Is it possible to get the metric function (which is GREAT!) in this recipe too?
I am slowly working my way through some 350 recipes. I’ve updated this one for you.
I have been looking for a Marsala chips/fries recipe have you ever made them or come across a recipe for them. Thank you for all your recipes they are amazing.
I have a masala fries recipe on the list as part of my Indian-ish series but haven’t really thought them through I’m afraid.
Does mixing Ginger and garlic together reduce the risk of having a rolling nose,
I don’t have a clue. But if you taste it out of the blender it will blow a small hole in the back of your head. Maybe that will help?
Can i ask why so much oil? is that preservative purposes only?
If i was to make just enough for the meal im makig in the evening, do i really need the oil? Or does the oil have another purpose? Thanks in advance J
The oil is largely to keep help it last. If you are making just enough for one meal you can leave it out. You can leave out the salt too if you are doing it same day.

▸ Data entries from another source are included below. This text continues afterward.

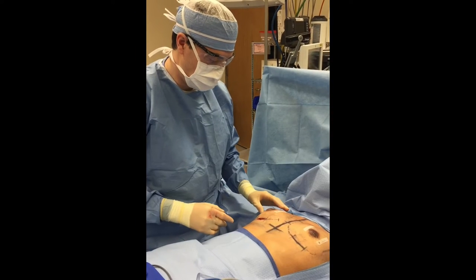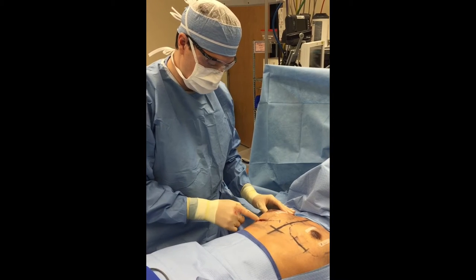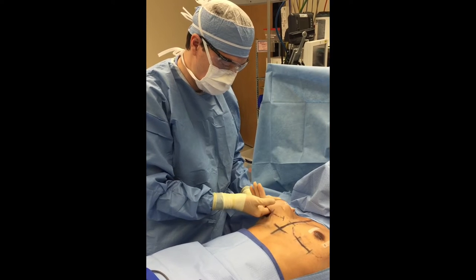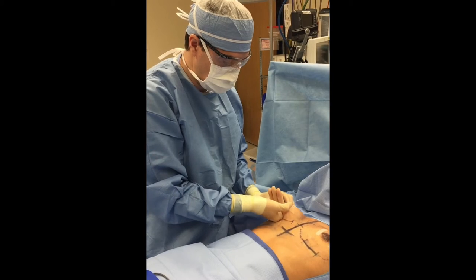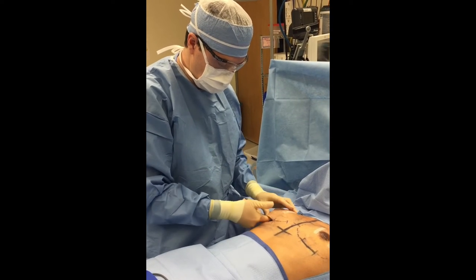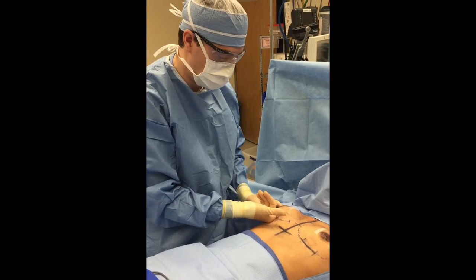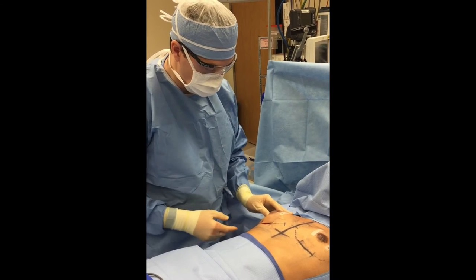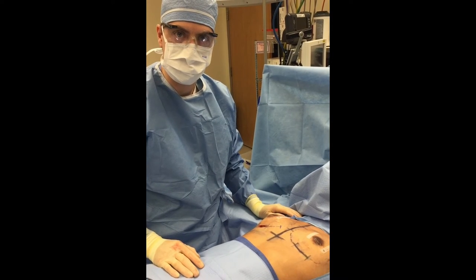We've completed the pocket elevation on the right side. You can see she has a little incision here, and we've made our pocket under the muscle. It goes right up to our lines where we planned preoperatively and made a place for the implant. So now we're going to wash things out real well — you can see there's not any bleeding — wash things out and put the implant in. I'll come back and show you the results.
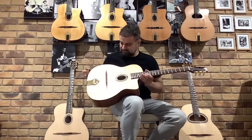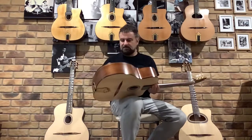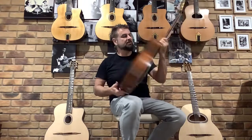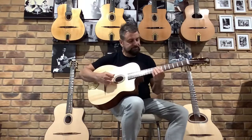Welcome back to Gypsy Jazz Australia. This is another DuPont Nomad — the oval hole version, and I think it's a similar spec. It's got the Etimo back and sides, which is the African hardwood, a spruce top, and a walnut neck, which is really fabulous. So this is how it sounds.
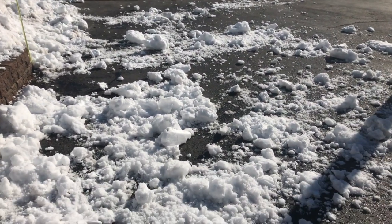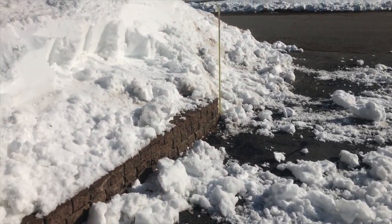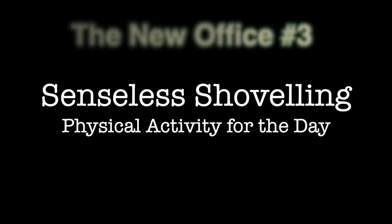So you worked up a sweat, and you have some snow distributed in your driveway. Take a break and repeat. Let's take a break.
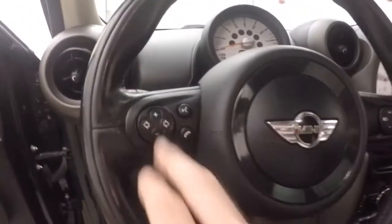You have Bluetooth and stereo, cruise control, and push button start.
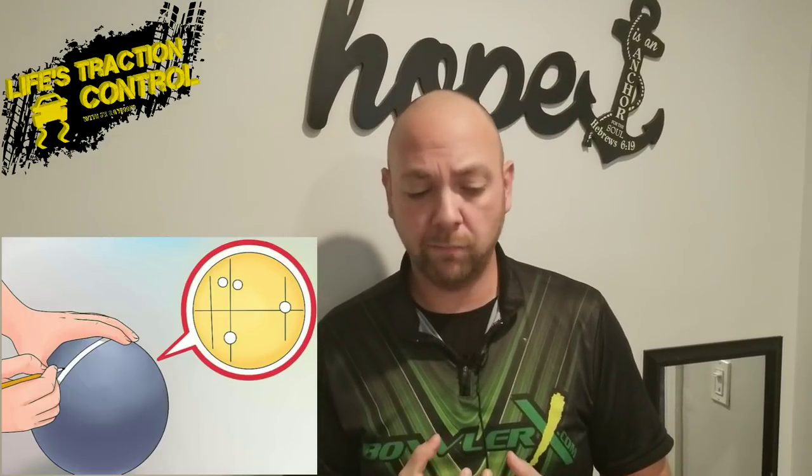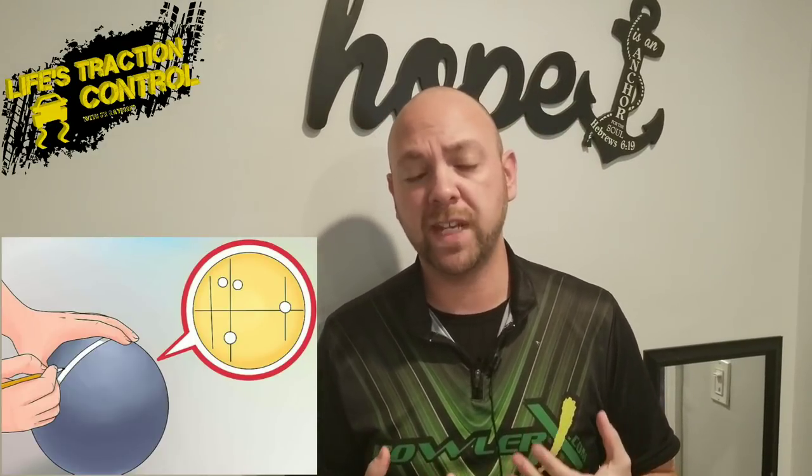So today I want to talk to you a little bit about your bowling fit. When you're putting your hand into that bowling ball, we have to be able to take a look and say, okay, this ball either fits me or this ball doesn't fit me. Now there's a few things you need to be looking for.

I simply make up the paste and then freeze it in ice cube trays. Each cube is just over 1 teaspoon (5ml). I then pop them out and store in a plastic bag to save room in the freezer and free up the ice cube tray to make more. I also freeze cilantro/corianda in portion size for making the gravy which you just put straight into into the pot frozen (not suitable for a garnish but works well if cooking). Ginger root can also be frozen and then simply use a cheese grater to get the correct amount. Loving the dishes I have been able to create from your site. Keep up the good work.
Great advice. Thank you for sharing and very happy to hear you are enjoying the recipes:-)

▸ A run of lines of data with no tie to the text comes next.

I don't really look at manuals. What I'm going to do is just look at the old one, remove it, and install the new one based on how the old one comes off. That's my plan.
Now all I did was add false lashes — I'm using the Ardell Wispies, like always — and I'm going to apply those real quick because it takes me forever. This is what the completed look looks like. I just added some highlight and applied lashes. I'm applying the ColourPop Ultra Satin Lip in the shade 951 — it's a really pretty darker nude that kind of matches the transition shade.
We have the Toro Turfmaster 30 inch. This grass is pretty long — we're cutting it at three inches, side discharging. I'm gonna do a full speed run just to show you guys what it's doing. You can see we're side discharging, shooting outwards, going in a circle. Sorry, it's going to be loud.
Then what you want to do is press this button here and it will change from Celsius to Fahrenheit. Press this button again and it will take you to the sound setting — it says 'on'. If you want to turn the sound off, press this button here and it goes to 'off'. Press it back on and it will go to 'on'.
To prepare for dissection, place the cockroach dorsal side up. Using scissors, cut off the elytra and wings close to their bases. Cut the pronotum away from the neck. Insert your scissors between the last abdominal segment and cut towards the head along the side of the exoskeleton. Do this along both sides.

Lovely – thanks for this. X
Right! Ive made up the garlic ginger paste exactly to instruction, 50% quantity for a first off try. I bought some silicone ice cube holders, mini ones that hold 6 portions per block with lid. Measured empty container with lid, 39g and filled with paster, 135g, so each cube amounts to 16g each. By volume each cube approximated to 1 tbsp. So…..
My qestion is this? My first foray into useling the paste with your recomended spice mix is the Nearly Restaurant Style Chicken Jalfrezzi usunf the microwave onion blitz method to save time this time round, given im stivking the recipe quantities for 4 serbings, 3 very generous same, how many og my frozen garlic ginger cubes do i need the throw in for correct amount, worried one might undecook requirement but then again maybe 2 cubes is over the top.
Hopefully once youve answered this for this recipe it will give a good guide to amount to use for all the many othet curry recipes youve published.
Dependent on success of this method ill then be tempted to go whole hog and try making up the full beans curry sauce sd per your clear instructions!
Thanks for your time and interest, regards, Graham
The recipe calls for 2 tbsp. Your cubes are about one tbsp so 2 cubes will be fine. I don’t know the specific gravity of garlic ginger paste but let’s assume around 1. A tbsp is 15 ml so 15 grams. You are close enough.
I have made this and put it in a sealed jar. How long will it last in the fridge. Also in glebe recipes how much would I use as it’s clearly stronger. So instead of a tablespoon how much would I use
It should keep a month or so. All the recipes on glebekitchen were done using this garlic ginger paste so there is no need to adjust the quantities of garlic ginger paste.
Brilliant. I used to make it on a per curry basis by hand! Not any more. It does take a bit longer to make than the recipe suggests but I can live with that. Thanks for this and for expanding my curry making skills.
Korean markets (if you have one nearby) sell peeled garlic. Cuts right down on prep time!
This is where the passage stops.